Mr. HOGAN. I am sure he would appreciate it very much.

Thank you, Mr. Chairman.

Mr. FAUNTROY. Thank you so much.

FINANCE LIMITATION

Mr. WASHINGTON. I would like for a moment to see if we can get some impression of this modest increase.

As I followed your material-your submission-you had $147,675, that is, the aggregate for five months and approximately for the additional two months, two-fifths of that.

Am I erring on the high side, $70,000, if we ran a media campaign, three-week campaign before the primary that would be $64,929; and media campaign after the primary for the general election of three weeks, that would be another $64,929-I must confess I am pretty poor with numbers but I get $347,619 as a sum base on your presentation today?

Mr. WELSH. Right.

Mr. WASHINGTON. Is that the kind of

Mr. WELSH. At least I followed your addition and I would thinkMr. WASHINGTON. That is a modest increase that we are talking about.

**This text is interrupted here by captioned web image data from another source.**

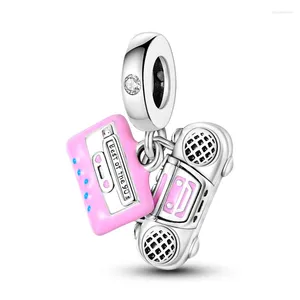 Charms Roze Vintage Radio En Tape Muziek Dangle Charm Fit Armband Ketting Kraal Hanger Zilver Kleur DIY Vrouwen Sieraden 2024 Trend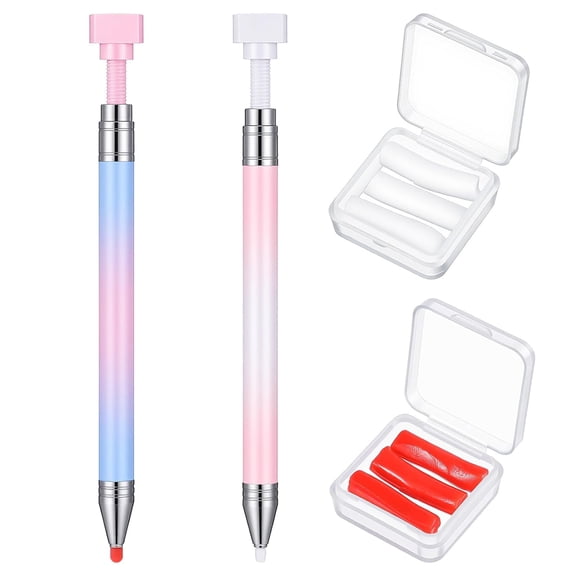 CCOCC 2Pcs Rhinestone Picker Tool,Diamond Art Painting Automatic Refillable Wax Pen Nail Gem Dotting Pickup Applicator with 6Pcs Additional Wax Refills for Nail Diy Craft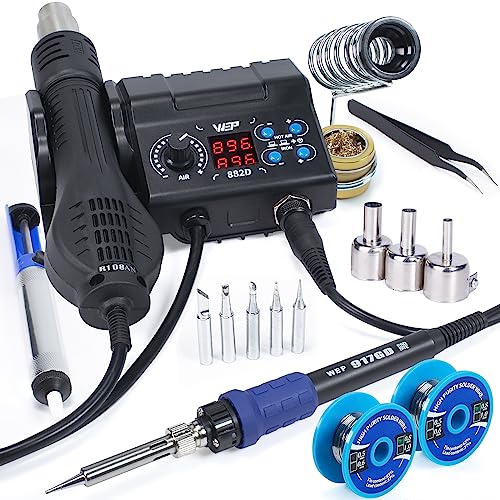 WEP 882D Soldering Iron Station 2-IN-1 SMD Hot Air Rework Station with 2 Spools of Solder Wire, 5 Soldering Tips, 3 Hot Air Nozzles, Brass Wool Tip Cleaner, Tweezers, Desoldering pump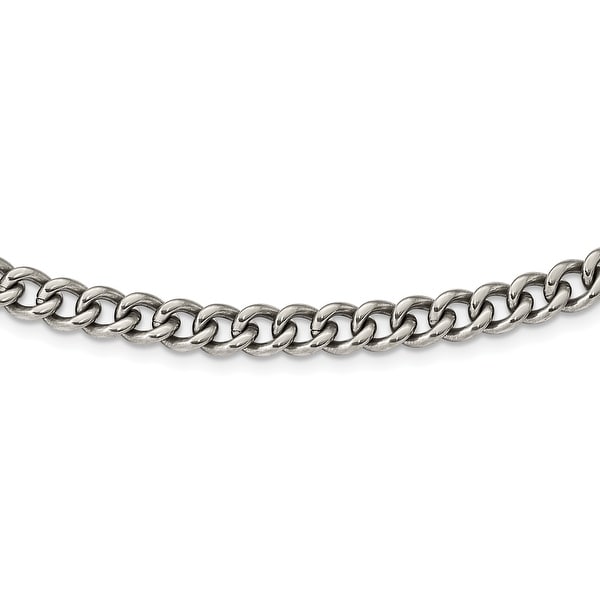 Chisel Titanium Polished 7.5mm 20-inch Curb Chain Men's Necklace. Opens flyout.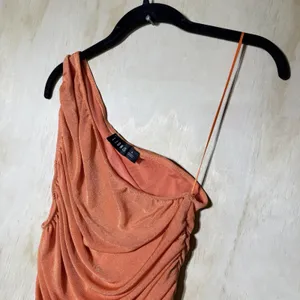 Lioness One Shoulder Ruched Mini Dress‎ Orange Shimmer Bodycon Women's Small thumbnail 4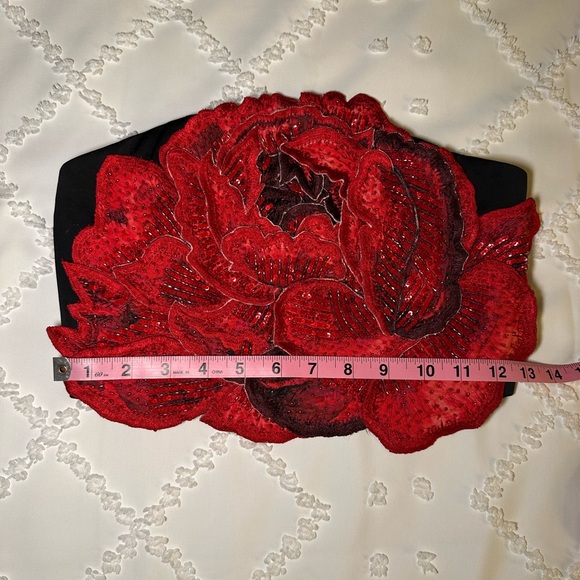 Alice + Olivia Black Top with Red Floral Design - Picture 6 of 7
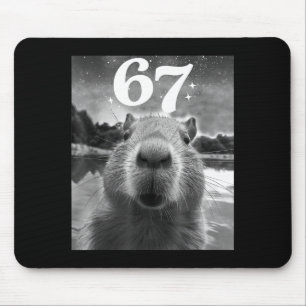 Capybara Selfie With 67 Meme Capy Graphic For Men  Mouse Pad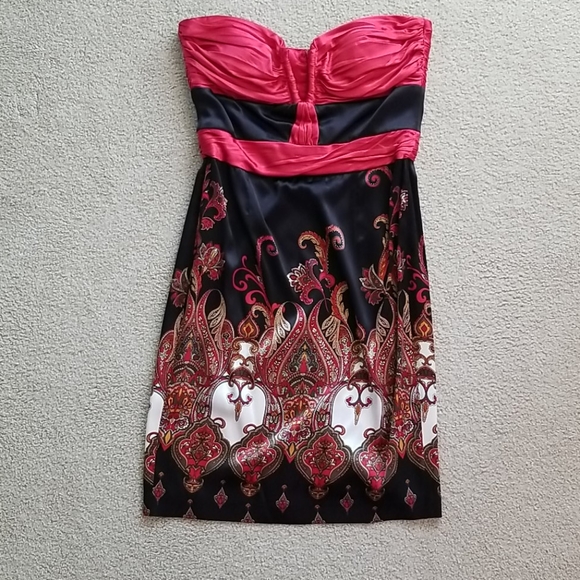 BeBe Silk Tube Dress with V-neck (Sz small) - Picture 1 of 6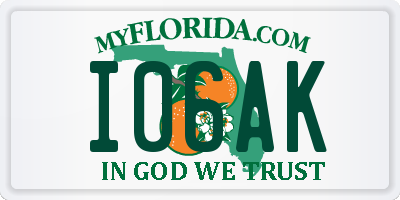 FL license plate I06AK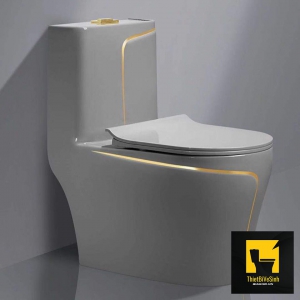 Bồn Cầu 1 Khối Navier Cao Cấp Xám Viền Vàng NV-1008XMV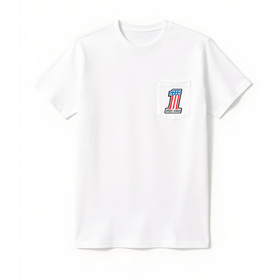 Number One Red White Blue Speed-Kings Logo Pocket Tee in White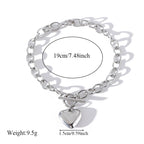 Stainless Steel Coins Heart Charm Bracelet Gold Silver Colour Wrist Chain
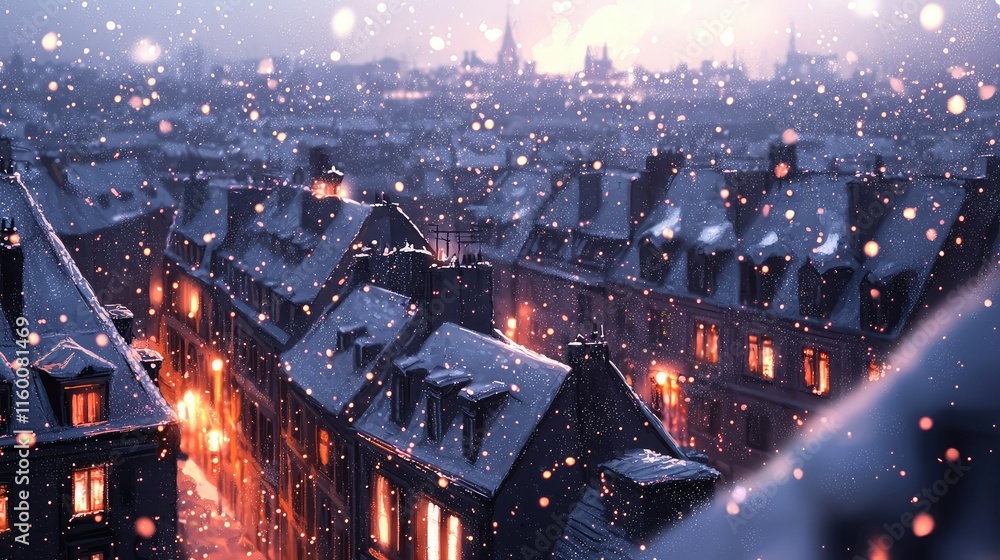Fototapeta premium Snowy Evening Over City Rooftops with Warm Glowing Windows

Mr. WELSH. I do not want to belabor the point, but any campaign as it develops shifts the resources and decides to go in one direction or another and if we are talking about instead of $200,000 limitation, $175,000 limitation, I think that would be a modest increase.

Mr. WASHINGTON. So, in other words, were we to keep the same structure, that is, per single campaign, your view would be that it ought to be about $175,000 per single campaign?

Mr. WELSH. I do not know the point to which you are pressing me. I am not sure of the difference between $175,000 and $200,000 or $225,000 or $150,000. My point really is

Mr. WASHINGTON. I am simply trying to get a floor.
The record has to be pretty clear.

Mr. WELSH. No. I would think something greater than $150,000 and less than $250,000 would be realistic for giving this District the chance to expand its political muscle, find out exactly what the dimensions are when you are running a contested city-wide campaign for a candidate.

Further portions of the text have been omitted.